TASK STATEMENT >>
Your reply should contain only the line with "Pañuelo de seda" and the lines after it through the end of the data, each written out exactly.

THE DATA >>
============

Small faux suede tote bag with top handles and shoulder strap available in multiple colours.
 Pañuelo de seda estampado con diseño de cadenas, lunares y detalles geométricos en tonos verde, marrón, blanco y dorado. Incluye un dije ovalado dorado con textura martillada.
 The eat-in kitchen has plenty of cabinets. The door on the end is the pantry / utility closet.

============

RESPONSE TO THE TASK >>
 Pañuelo de seda estampado con diseño de cadenas, lunares y detalles geométricos en tonos verde, marrón, blanco y dorado. Incluye un dije ovalado dorado con textura martillada.
 The eat-in kitchen has plenty of cabinets. The door on the end is the pantry / utility closet.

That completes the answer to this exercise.